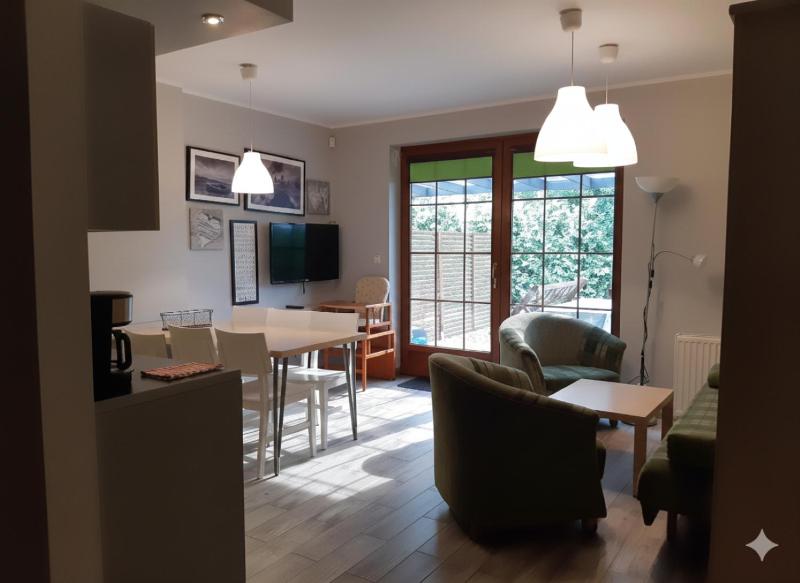 Domki apartamenty Nasza Chata - 4 minuty od plaży - image 14
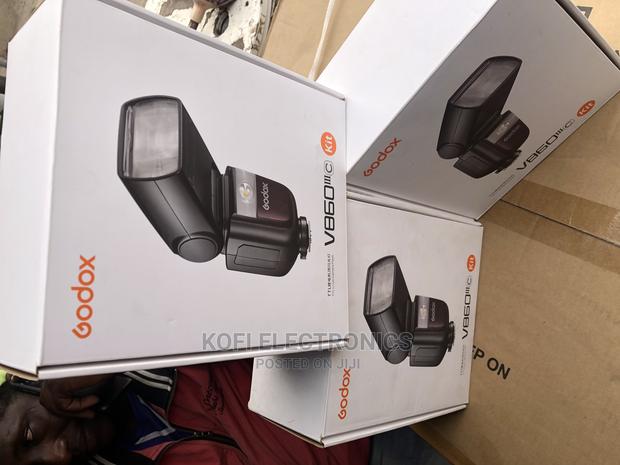 In Box Godox VING V860IIS TTL Li-Ion Flash With Xpro TTL · Photo 2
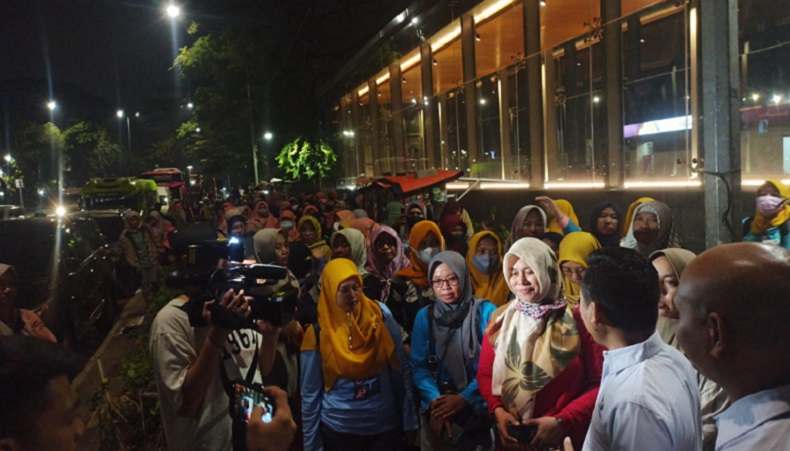 Baja Perindo Gelar Sahur Bersama 300 Guru TK Non PNS Kabupaten Rembang di Masjid Istiqlal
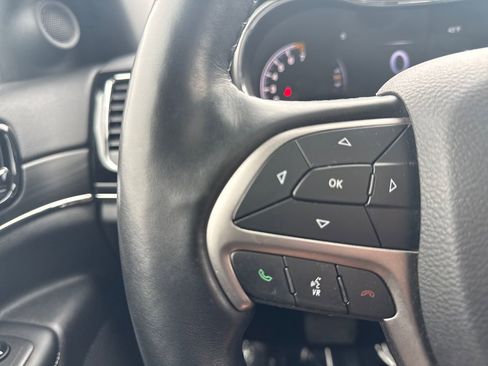 Used 2021 Jeep Grand Cherokee Limited image 28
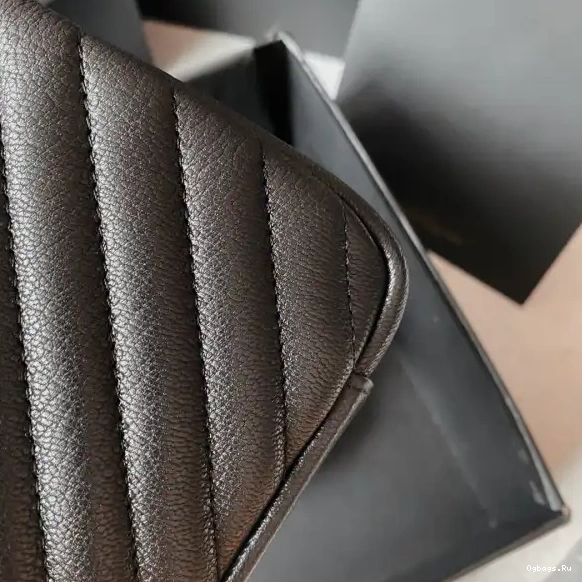 YSL COLLEGE MEDIUM 0512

**Description of the task**. Set down the records exactly, without the pictures.

**Result**.
 Domki apartamenty Nasza Chata - 4 minuty od plaży - image 14
 In Box Godox VING V860IIS TTL Li-Ion Flash With Xpro TTL · Photo 2
 Baja Perindo Gelar Sahur Bersama 300 Guru TK Non PNS Kabupaten Rembang di Masjid Istiqlal
 Used 2021 Jeep Grand Cherokee Limited image 28
 YSL COLLEGE MEDIUM 0512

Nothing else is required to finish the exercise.